Please write out all of the data below exactly, without including the pictures.

Records from a data source
::::

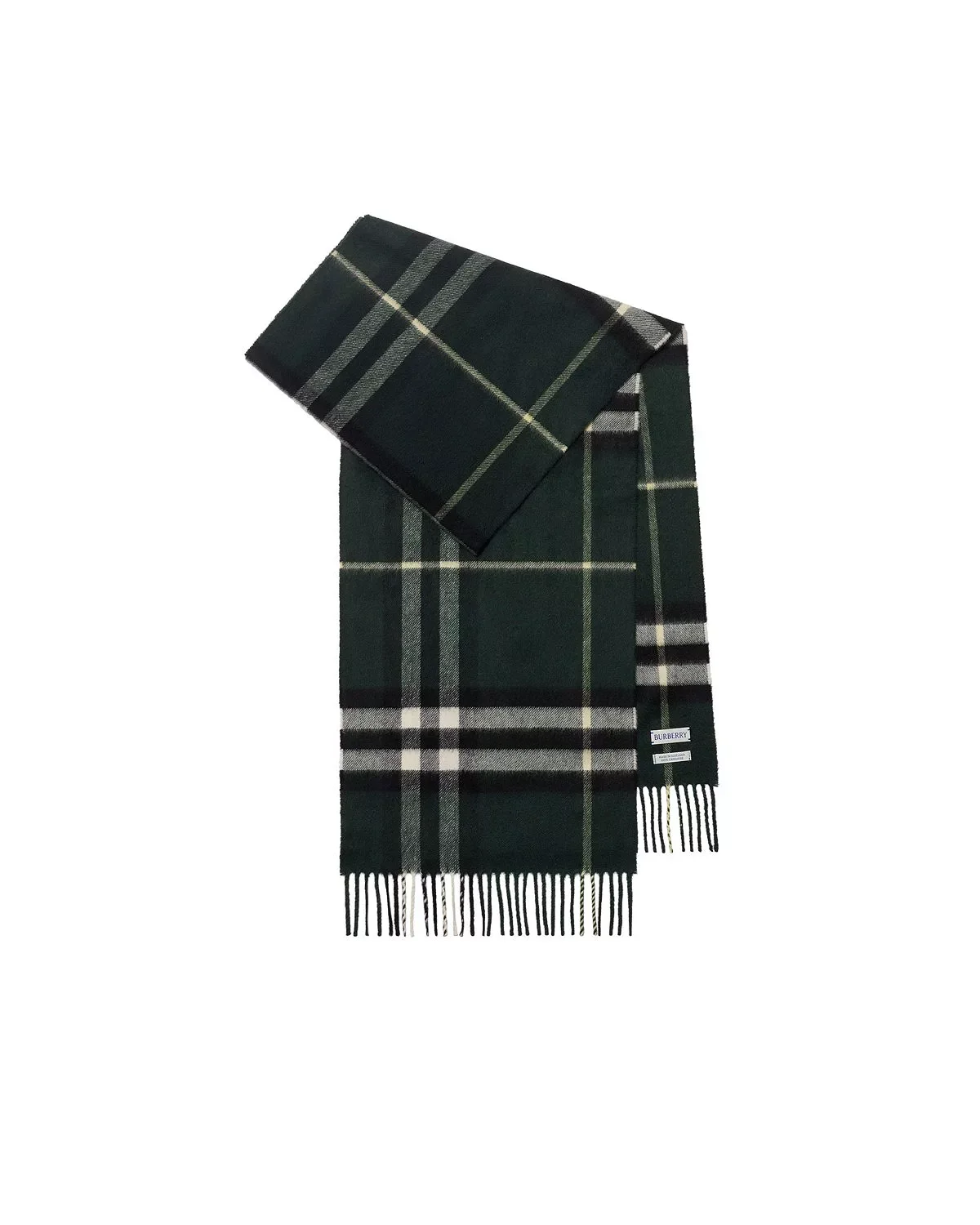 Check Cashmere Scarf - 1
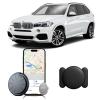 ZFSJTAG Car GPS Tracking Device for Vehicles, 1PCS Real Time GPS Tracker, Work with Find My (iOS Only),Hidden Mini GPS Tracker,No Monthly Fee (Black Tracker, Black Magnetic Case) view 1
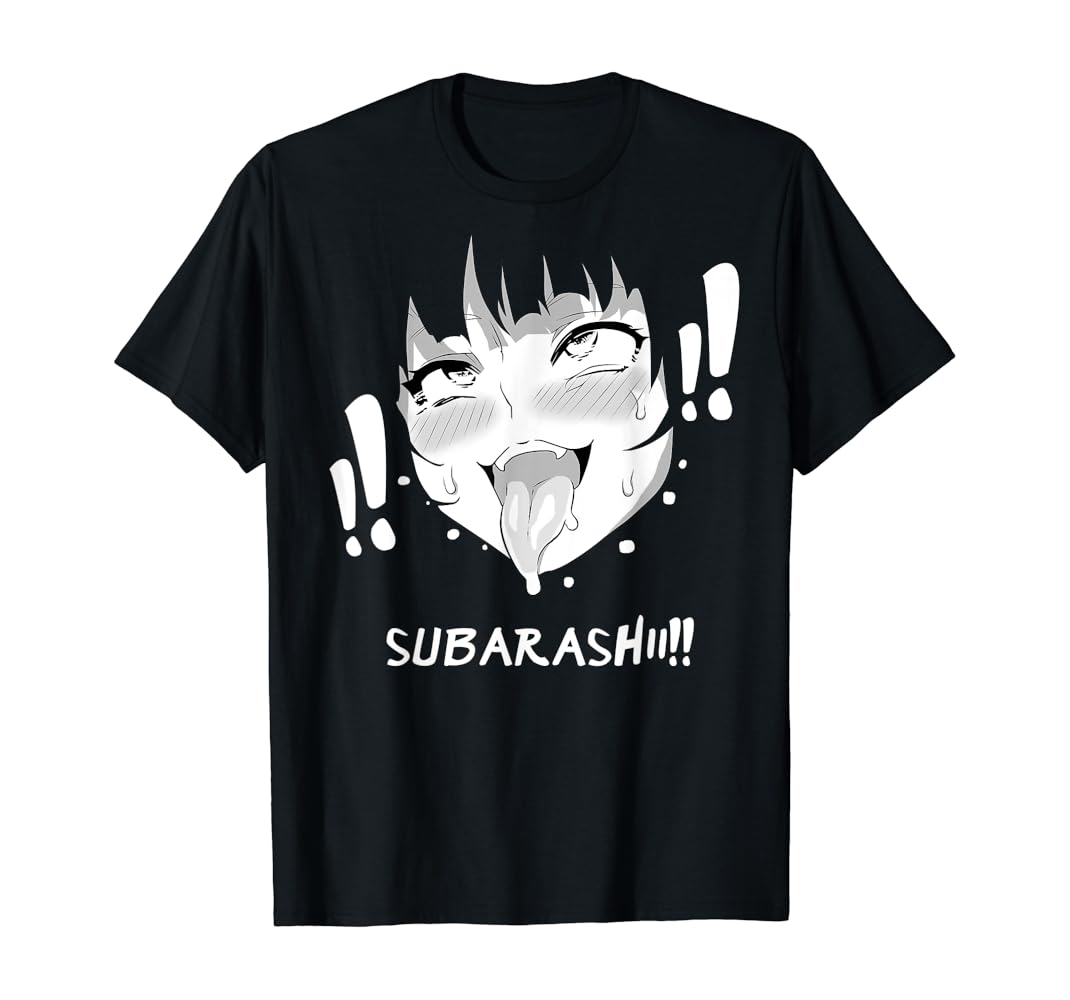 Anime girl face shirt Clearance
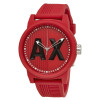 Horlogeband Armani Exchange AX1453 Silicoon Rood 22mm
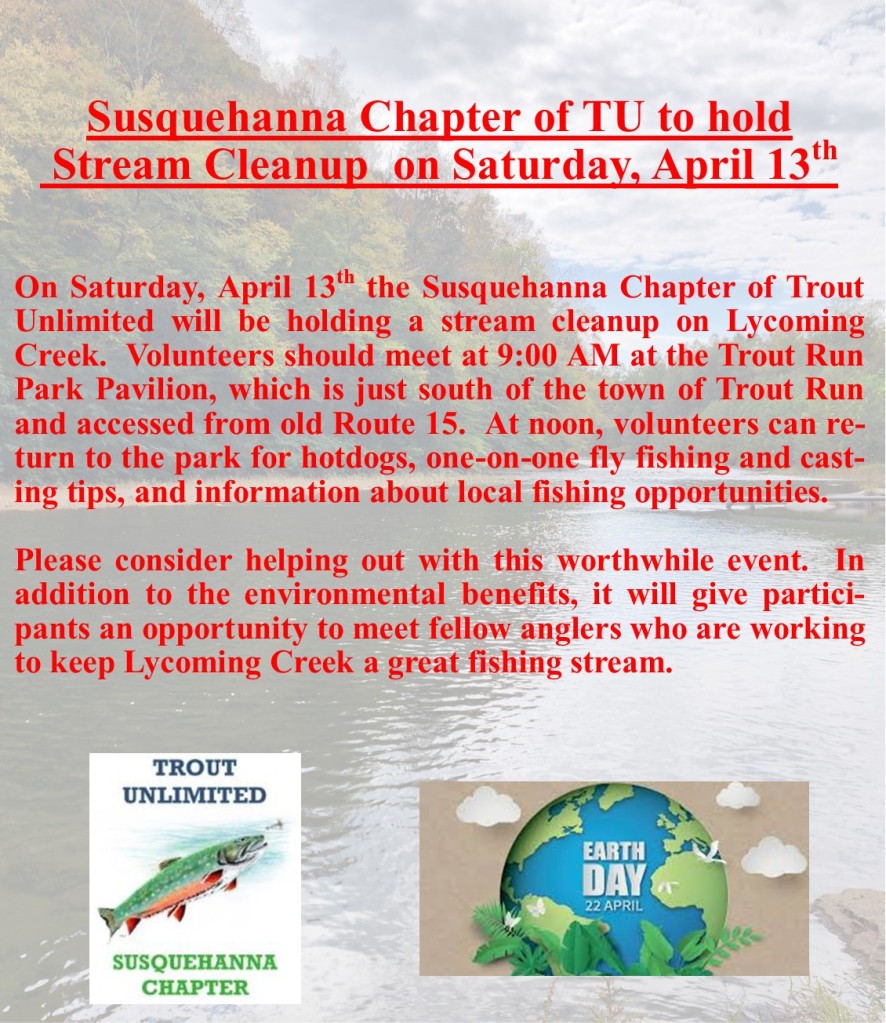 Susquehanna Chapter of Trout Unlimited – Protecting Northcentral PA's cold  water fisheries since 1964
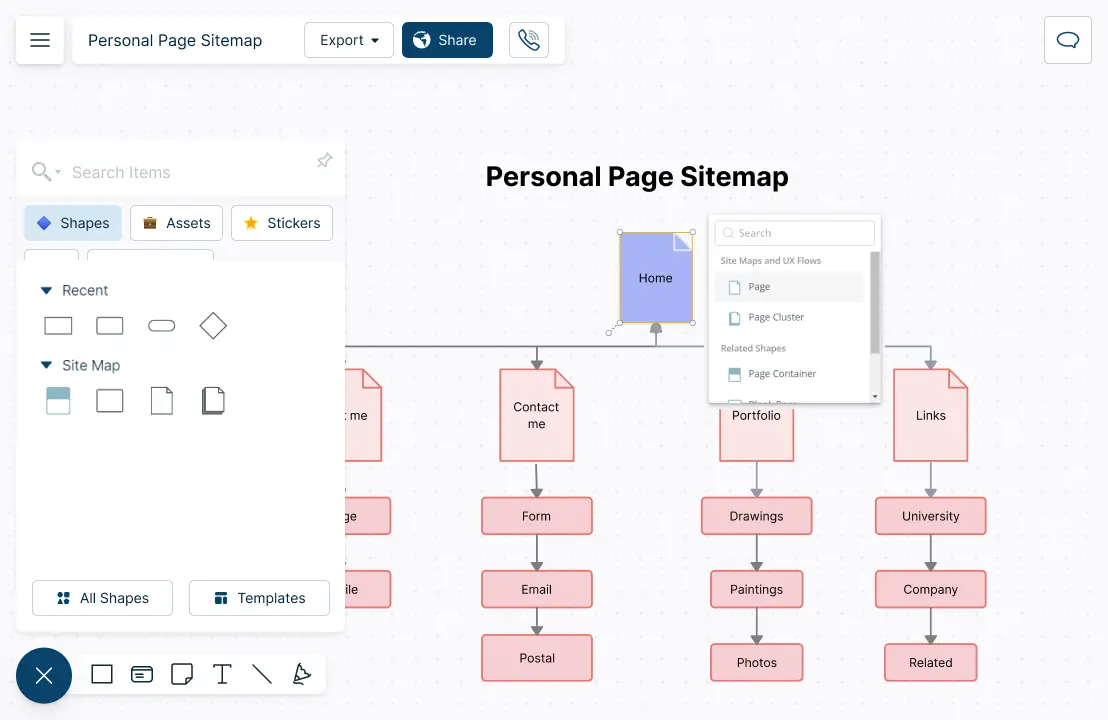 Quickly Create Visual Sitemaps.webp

::::

* _Response_
 Check Cashmere Scarf - 1
 ZFSJTAG Car GPS Tracking Device for Vehicles, 1PCS Real Time GPS Tracker, Work with Find My (iOS Only),Hidden Mini GPS Tracker,No Monthly Fee (Black Tracker, Black Magnetic Case) view 1
 Anime girl face shirt Clearance
 Horlogeband Armani Exchange AX1453 Silicoon Rood 22mm
 Susquehanna Chapter of Trout Unlimited – Protecting Northcentral PA's cold  water fisheries since 1964
 Quickly Create Visual Sitemaps.webp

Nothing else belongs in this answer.